> **What the exercise asks**: Only the lines from the beginning of the data below through the line that contains "5402 W Rafter" should be repeated, exactly as written.

+ + + + +

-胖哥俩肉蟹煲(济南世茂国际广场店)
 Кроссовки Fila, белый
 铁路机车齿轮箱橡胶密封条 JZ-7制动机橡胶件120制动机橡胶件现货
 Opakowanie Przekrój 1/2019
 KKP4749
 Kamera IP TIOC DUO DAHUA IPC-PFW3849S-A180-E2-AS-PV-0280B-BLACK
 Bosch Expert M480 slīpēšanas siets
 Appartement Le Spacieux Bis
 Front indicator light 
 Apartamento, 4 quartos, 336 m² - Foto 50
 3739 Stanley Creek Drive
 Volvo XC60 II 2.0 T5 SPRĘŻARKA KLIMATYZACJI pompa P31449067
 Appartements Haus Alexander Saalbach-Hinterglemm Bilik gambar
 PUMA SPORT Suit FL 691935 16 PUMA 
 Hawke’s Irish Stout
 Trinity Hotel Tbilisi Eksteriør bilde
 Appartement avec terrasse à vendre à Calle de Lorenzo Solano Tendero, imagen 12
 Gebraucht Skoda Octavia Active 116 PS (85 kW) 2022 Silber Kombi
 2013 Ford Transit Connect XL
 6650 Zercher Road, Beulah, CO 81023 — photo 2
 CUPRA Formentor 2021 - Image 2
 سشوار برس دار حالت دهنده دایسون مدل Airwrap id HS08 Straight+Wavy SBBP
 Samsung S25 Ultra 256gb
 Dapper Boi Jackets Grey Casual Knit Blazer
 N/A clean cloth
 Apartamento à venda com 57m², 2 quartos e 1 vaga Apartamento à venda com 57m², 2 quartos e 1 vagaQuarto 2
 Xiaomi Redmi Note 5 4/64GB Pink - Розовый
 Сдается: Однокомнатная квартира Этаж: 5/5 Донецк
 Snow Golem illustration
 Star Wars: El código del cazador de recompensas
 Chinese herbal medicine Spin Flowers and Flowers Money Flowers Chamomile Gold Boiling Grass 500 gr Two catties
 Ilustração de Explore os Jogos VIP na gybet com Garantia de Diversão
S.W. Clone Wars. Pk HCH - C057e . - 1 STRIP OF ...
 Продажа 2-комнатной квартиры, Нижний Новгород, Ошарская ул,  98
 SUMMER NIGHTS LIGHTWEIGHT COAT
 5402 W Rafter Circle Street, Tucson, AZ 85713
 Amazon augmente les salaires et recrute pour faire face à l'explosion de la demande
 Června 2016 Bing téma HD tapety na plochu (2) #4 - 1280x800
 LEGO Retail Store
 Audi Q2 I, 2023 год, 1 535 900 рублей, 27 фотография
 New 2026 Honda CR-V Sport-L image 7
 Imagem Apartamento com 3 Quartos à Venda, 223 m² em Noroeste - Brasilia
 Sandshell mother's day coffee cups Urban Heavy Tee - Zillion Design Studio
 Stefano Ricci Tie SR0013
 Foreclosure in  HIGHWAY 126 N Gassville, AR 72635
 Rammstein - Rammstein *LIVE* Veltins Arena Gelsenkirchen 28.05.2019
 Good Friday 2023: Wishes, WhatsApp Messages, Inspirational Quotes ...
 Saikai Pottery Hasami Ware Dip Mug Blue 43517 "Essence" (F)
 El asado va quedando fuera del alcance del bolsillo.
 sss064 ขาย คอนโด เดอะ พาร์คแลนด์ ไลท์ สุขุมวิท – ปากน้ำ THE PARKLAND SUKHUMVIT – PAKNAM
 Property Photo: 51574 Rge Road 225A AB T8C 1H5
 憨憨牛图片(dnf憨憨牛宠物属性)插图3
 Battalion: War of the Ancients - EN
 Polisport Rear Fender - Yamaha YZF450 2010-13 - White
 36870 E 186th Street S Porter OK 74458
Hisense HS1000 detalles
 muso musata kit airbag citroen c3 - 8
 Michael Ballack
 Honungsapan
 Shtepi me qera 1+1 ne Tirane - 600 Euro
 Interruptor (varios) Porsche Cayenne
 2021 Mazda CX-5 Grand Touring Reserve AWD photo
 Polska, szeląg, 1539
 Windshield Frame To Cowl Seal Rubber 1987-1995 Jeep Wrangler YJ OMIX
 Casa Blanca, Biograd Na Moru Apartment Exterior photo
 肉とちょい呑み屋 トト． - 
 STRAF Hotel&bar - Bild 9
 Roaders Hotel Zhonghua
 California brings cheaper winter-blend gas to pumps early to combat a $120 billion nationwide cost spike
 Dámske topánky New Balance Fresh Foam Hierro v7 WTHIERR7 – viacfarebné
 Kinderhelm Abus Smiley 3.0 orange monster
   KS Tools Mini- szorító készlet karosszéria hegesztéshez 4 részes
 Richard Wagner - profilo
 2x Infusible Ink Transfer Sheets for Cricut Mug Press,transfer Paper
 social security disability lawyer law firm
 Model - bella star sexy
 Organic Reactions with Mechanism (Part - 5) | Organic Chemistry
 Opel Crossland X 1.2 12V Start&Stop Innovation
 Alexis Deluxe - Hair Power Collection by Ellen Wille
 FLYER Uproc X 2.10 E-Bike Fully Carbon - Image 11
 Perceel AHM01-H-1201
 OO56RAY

+ + + + +

> **Response**:
-胖哥俩肉蟹煲(济南世茂国际广场店)
 Кроссовки Fila, белый
 铁路机车齿轮箱橡胶密封条 JZ-7制动机橡胶件120制动机橡胶件现货
 Opakowanie Przekrój 1/2019
 KKP4749
 Kamera IP TIOC DUO DAHUA IPC-PFW3849S-A180-E2-AS-PV-0280B-BLACK
 Bosch Expert M480 slīpēšanas siets
 Appartement Le Spacieux Bis
 Front indicator light 
 Apartamento, 4 quartos, 336 m² - Foto 50
 3739 Stanley Creek Drive
 Volvo XC60 II 2.0 T5 SPRĘŻARKA KLIMATYZACJI pompa P31449067
 Appartements Haus Alexander Saalbach-Hinterglemm Bilik gambar
 PUMA SPORT Suit FL 691935 16 PUMA 
 Hawke’s Irish Stout
 Trinity Hotel Tbilisi Eksteriør bilde
 Appartement avec terrasse à vendre à Calle de Lorenzo Solano Tendero, imagen 12
 Gebraucht Skoda Octavia Active 116 PS (85 kW) 2022 Silber Kombi
 2013 Ford Transit Connect XL
 6650 Zercher Road, Beulah, CO 81023 — photo 2
 CUPRA Formentor 2021 - Image 2
 سشوار برس دار حالت دهنده دایسون مدل Airwrap id HS08 Straight+Wavy SBBP
 Samsung S25 Ultra 256gb
 Dapper Boi Jackets Grey Casual Knit Blazer
 N/A clean cloth
 Apartamento à venda com 57m², 2 quartos e 1 vaga Apartamento à venda com 57m², 2 quartos e 1 vagaQuarto 2
 Xiaomi Redmi Note 5 4/64GB Pink - Розовый
 Сдается: Однокомнатная квартира Этаж: 5/5 Донецк
 Snow Golem illustration
 Star Wars: El código del cazador de recompensas
 Chinese herbal medicine Spin Flowers and Flowers Money Flowers Chamomile Gold Boiling Grass 500 gr Two catties
 Ilustração de Explore os Jogos VIP na gybet com Garantia de Diversão
S.W. Clone Wars. Pk HCH - C057e . - 1 STRIP OF ...
 Продажа 2-комнатной квартиры, Нижний Новгород, Ошарская ул,  98
 SUMMER NIGHTS LIGHTWEIGHT COAT
 5402 W Rafter Circle Street, Tucson, AZ 85713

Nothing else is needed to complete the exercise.